Le client s'est adressé à des représentants du service à la clientèle et de l'ombudsman de la banque afin d'obtenir plus d'information. Dans un premier temps, le service à la clientèle lui a répondu que la banque exigeait le numéro de permis de conduire pour se conformer à la Loi sur le recyclage des produits de la criminalité et le financement des activités terroristes (LRPCFAT) et à la ligne directrice B-8, Mécanismes de dissuasion et de détection du recyclage des produits de la criminalité et du financement des activités terroristes, du Bureau du surintendant des institutions financières (BSIF). Par la suite, l'ombudsman de la banque a toutefois indiqué au plaignant que la raison invoquée pour justifier l'enregistrement de son numéro de permis de conduire aux fins de la conformité à la LRPCFAT était erronée.
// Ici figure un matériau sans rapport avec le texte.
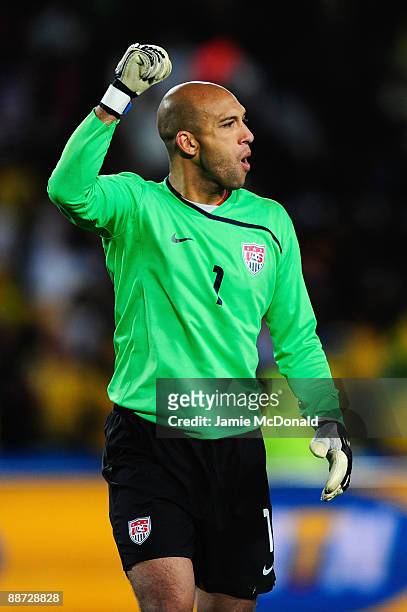 Tim Howard of USA celebrates after Landon Donovan scored his team's second goal during the FIFA Confederations Cup Final between USA and Brazil at...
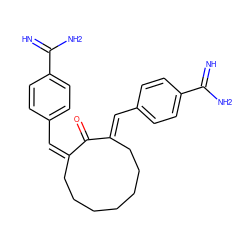 N=C(N)c1ccc(/C=C2/CCCCCCC/C(=C\c3ccc(C(=N)N)cc3)C2=O)cc1 ZINC000034689185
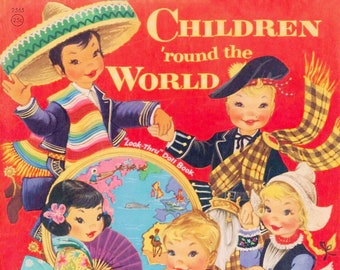 Vintage Paper Doll Printable PDF • World Children Paper Doll • 50s 1950s Paper Doll Download • Kid Ethnic Kids&#39; Costume Dress Travel Art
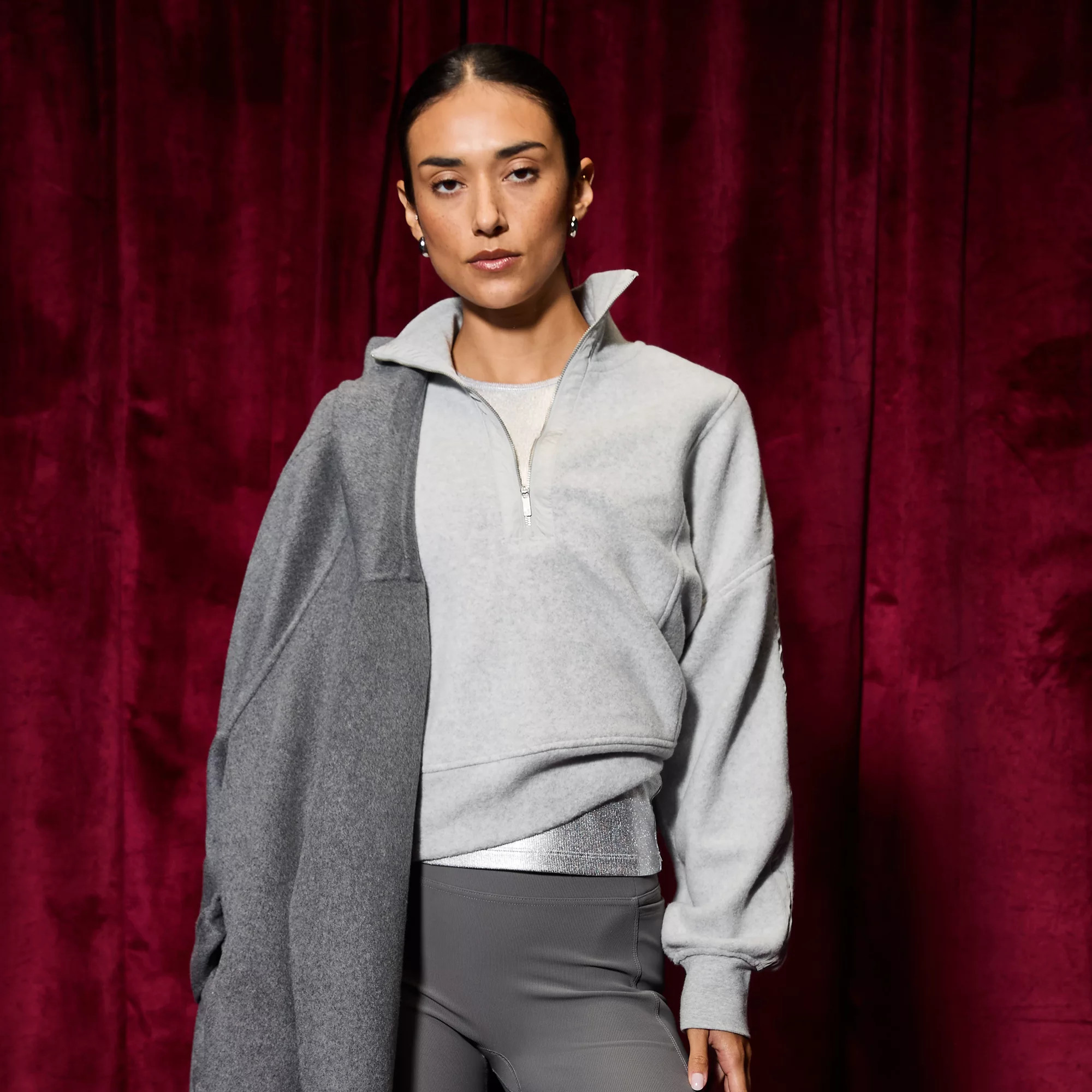 CALIA Women's Elevate Plush 1/4 Zip Pullover, XL, Light Heather Grey | Going Going Gone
Le client a porté plainte auprès du Commissariat à la protection de la vie privée du Canada (Commissariat). Puisqu'il avait refusé de présenter son permis de conduire, les renseignements personnels connexes le concernant n'avaient pas en fait été recueillis. Le Commissariat a donc déterminé que ce volet de la plainte n'était pas fondé. Néanmoins, à la suggestion du Commissariat, la banque a accepté de revoir sa procédure pour la remise des cartes de crédit. Ainsi, lorsque les pièces d'identité au dossier d'un client respectent les exigences relatives à la lutte contre le blanchiment d'argent, mais que le client présente une pièce d'identité différente lorsqu'il vient chercher une carte de crédit de remplacement, la banque limitera l'information qu'elle recueillera au type et au lieu d'émission de la nouvelle pièce d'identité.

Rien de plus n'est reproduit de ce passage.